RN cria Refúgio de Vida Silvestre Serra das Araras para proteger biodiversidade da Caatinga
Unidade foi instituída para preservar espécies ameaçadas, recursos hídricos e conter impactos ambientais
O Governo do Rio Grande do Norte instituiu, por meio de decreto publicado nesta quarta-feira (29), o Refúgio de Vida Silvestre Serra das Araras, uma nova unidade de conservação estadual localizada nos municípios de Cerro Corá, Currais Novos e São Tomé. A medida busca assegurar a proteção integral da biodiversidade da Caatinga, além de preservar recursos naturais estratégicos e incentivar práticas sustentáveis na região.
Com área de 12.367,81 hectares e perímetro de 56,59 quilômetros, a unidade será administrada pelo Instituto de Desenvolvimento Sustentável e Meio Ambiente do Rio Grande do Norte (Idema). O decreto também estabelece uma zona de amortecimento com mais de 10 mil hectares, destinada a reduzir impactos ambientais no entorno da área protegida.
Entre os principais objetivos da nova unidade estão a proteção de espécies da fauna e flora nativas, com destaque para animais ameaçados de extinção, como a arara-maracanã (Primolius maracana) e o papagaio-verdadeiro (Amazona aestiva). A iniciativa também visa garantir a conservação de remanescentes do bioma Caatinga, recuperar áreas degradadas e preservar mananciais e cursos d’água.
Além da proteção ambiental, o decreto prevê o estímulo à pesquisa científica, à educação ambiental e ao ecoturismo, como forma de fomentar o desenvolvimento sustentável na região.

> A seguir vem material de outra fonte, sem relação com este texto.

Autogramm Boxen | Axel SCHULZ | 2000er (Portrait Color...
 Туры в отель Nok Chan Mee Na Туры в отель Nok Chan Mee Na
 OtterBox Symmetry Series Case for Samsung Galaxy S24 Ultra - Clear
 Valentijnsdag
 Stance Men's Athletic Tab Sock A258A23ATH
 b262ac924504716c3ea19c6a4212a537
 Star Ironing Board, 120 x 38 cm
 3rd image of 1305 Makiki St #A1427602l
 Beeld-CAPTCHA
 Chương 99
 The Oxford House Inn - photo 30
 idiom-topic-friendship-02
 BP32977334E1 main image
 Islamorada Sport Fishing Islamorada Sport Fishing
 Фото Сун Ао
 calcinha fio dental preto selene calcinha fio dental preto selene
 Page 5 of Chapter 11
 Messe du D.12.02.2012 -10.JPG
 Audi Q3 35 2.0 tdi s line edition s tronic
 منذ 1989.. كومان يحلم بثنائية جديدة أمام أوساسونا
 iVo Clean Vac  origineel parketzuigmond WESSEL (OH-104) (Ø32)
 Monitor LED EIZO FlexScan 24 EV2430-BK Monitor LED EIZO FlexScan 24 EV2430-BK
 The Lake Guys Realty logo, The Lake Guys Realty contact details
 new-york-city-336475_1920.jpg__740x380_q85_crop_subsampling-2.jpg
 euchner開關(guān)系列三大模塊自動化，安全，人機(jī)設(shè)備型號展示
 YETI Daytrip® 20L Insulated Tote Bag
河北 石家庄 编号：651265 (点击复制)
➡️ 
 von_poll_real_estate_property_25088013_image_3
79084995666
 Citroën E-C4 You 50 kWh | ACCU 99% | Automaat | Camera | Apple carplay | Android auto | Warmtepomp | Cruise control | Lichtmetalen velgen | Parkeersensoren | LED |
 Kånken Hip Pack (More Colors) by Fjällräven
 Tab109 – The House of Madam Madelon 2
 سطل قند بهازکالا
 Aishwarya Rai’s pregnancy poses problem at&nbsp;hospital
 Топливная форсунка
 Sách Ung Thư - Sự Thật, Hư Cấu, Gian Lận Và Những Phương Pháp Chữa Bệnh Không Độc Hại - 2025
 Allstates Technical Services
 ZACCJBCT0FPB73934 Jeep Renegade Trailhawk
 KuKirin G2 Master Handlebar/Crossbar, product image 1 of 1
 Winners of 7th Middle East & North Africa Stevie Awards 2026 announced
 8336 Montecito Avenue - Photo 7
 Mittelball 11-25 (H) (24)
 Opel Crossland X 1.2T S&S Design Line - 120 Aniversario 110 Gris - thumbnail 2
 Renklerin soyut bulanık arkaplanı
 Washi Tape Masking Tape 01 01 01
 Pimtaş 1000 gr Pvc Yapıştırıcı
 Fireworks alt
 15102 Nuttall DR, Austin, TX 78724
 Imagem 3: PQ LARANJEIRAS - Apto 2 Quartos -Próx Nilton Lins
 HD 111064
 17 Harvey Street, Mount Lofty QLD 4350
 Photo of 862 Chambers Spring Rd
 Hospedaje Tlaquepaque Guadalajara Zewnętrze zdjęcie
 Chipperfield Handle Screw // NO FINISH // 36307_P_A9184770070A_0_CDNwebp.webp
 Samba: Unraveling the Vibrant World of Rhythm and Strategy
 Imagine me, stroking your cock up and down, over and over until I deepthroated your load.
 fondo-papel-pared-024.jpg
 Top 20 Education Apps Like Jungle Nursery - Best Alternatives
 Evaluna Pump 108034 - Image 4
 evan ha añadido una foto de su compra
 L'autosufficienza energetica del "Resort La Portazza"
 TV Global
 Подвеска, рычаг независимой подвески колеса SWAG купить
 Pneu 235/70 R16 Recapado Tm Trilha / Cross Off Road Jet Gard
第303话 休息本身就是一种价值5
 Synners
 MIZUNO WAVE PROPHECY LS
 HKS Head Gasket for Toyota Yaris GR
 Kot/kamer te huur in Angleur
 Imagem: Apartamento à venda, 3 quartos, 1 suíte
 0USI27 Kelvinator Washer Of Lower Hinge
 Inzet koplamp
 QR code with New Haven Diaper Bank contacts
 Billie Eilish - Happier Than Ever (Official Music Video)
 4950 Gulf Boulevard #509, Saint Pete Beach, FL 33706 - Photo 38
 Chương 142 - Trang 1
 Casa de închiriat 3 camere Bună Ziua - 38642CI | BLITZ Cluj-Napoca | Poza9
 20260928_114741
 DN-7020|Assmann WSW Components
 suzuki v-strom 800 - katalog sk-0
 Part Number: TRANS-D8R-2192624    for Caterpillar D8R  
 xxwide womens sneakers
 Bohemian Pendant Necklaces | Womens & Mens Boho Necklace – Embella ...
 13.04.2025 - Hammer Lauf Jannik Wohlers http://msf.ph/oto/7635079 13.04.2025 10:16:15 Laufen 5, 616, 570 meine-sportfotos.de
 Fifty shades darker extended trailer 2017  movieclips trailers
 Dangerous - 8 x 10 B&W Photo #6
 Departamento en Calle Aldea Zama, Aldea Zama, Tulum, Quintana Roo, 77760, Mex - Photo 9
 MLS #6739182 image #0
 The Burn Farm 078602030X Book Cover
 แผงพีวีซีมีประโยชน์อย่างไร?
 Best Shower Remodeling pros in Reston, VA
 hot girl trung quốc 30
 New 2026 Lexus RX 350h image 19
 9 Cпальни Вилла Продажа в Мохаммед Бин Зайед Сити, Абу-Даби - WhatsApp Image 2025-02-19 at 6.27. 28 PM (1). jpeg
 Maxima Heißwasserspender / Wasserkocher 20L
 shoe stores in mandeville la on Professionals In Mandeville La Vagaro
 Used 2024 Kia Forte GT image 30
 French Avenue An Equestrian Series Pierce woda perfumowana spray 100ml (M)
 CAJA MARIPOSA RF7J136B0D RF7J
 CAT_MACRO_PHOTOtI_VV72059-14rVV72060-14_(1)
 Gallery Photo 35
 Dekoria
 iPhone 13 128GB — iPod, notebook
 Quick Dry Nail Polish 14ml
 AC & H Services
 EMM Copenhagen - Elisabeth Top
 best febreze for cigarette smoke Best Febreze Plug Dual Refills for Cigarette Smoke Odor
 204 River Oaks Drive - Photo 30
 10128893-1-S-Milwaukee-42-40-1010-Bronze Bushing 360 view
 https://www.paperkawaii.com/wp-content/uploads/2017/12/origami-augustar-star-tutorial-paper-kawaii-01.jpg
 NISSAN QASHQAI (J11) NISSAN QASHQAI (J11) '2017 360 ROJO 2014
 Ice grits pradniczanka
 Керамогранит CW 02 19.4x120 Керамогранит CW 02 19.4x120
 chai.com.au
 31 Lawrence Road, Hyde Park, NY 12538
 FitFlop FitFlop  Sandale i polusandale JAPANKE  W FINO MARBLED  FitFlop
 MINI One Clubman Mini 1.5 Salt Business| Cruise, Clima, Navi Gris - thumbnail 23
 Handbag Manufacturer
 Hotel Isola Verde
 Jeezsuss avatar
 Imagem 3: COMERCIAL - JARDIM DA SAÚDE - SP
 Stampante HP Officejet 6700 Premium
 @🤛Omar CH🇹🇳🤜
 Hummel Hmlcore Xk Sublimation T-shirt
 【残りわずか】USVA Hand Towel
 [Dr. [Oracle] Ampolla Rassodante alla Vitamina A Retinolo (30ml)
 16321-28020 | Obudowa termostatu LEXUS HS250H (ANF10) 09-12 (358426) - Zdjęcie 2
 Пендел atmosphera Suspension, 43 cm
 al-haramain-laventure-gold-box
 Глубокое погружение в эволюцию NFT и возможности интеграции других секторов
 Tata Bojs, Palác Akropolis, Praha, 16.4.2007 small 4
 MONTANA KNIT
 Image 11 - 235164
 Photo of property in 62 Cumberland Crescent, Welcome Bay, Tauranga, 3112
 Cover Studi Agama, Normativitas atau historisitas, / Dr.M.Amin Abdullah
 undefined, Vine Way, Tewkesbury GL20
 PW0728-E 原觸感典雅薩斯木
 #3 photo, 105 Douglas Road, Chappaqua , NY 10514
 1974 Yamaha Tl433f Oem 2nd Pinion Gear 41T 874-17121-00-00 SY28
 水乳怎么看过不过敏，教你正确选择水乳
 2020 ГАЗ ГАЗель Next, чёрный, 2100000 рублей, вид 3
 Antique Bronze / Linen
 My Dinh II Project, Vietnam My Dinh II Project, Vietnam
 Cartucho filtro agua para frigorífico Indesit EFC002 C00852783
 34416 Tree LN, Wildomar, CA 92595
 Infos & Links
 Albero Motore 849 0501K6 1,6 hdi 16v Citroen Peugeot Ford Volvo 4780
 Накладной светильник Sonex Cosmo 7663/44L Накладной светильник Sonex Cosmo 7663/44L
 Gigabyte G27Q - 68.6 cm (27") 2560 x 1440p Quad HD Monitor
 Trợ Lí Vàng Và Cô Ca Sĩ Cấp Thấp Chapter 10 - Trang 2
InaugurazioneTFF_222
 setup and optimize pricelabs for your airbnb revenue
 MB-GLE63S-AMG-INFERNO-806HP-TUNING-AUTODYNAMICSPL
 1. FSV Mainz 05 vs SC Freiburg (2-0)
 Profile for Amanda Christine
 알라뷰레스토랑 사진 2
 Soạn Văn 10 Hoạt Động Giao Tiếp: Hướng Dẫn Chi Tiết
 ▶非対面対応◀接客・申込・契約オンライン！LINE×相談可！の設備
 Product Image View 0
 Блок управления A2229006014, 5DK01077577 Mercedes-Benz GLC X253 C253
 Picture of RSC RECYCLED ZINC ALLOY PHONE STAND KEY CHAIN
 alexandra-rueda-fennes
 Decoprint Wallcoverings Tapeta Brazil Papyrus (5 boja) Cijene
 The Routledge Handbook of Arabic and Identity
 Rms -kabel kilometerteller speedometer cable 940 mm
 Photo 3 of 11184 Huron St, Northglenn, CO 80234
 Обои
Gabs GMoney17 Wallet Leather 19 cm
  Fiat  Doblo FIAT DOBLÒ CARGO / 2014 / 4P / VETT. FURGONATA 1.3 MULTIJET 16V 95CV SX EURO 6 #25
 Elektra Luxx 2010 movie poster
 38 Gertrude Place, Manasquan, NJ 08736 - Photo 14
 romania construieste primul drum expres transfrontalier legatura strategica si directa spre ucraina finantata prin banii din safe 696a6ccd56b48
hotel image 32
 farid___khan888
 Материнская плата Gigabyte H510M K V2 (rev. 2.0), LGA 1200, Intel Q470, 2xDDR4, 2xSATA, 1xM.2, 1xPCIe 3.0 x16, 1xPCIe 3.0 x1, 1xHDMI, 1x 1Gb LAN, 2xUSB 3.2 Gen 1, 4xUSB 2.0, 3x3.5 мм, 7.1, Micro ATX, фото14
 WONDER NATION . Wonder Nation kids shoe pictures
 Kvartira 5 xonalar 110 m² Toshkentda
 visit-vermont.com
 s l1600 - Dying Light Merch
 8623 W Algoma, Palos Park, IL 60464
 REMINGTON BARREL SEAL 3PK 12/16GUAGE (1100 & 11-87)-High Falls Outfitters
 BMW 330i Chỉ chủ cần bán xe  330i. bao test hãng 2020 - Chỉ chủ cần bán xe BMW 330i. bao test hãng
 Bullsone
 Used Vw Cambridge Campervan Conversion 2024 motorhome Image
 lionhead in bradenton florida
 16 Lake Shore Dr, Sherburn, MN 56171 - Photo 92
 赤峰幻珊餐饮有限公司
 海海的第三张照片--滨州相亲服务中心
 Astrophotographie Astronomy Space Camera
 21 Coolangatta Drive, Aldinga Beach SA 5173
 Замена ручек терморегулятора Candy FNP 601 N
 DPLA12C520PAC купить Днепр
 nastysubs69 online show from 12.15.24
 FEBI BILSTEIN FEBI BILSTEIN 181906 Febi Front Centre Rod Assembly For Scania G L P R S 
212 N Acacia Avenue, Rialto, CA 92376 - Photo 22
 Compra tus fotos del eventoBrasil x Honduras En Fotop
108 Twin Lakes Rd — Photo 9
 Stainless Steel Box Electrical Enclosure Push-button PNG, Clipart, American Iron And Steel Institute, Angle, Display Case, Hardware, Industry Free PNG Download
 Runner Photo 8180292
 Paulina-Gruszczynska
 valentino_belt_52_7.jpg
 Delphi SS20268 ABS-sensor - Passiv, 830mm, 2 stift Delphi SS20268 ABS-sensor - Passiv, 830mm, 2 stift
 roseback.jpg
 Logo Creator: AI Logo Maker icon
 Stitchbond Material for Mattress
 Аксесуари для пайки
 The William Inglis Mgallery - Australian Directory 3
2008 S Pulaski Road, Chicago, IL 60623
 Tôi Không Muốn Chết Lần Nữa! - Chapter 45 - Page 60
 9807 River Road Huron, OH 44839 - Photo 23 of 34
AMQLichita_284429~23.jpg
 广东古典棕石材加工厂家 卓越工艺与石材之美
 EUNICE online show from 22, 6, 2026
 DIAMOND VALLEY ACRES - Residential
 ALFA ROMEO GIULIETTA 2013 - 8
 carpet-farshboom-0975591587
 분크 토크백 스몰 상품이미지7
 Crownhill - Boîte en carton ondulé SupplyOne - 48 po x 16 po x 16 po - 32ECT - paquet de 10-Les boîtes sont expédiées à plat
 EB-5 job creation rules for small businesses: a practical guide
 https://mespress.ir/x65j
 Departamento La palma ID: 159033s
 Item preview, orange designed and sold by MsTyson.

Atividades econômicas já existentes, como agropecuária e agricultura de subsistência, poderão continuar, desde que estejam em conformidade com os objetivos da unidade.
A regulamentação do uso da área será definida por meio de um Plano de Manejo, que deverá ser elaborado em até cinco anos. Até lá, as intervenções permitidas serão apenas aquelas voltadas à preservação dos recursos naturais, garantindo também condições adequadas às populações tradicionais que vivem na região.
O texto também prevê a criação de um Conselho Gestor, com caráter consultivo, responsável por acompanhar a implementação e gestão da unidade. A participação no colegiado será considerada serviço público relevante, sem remuneração.
Caso haja incompatibilidade entre atividades privadas e os objetivos da unidade, áreas poderão ser desapropriadas para assegurar a preservação ambiental.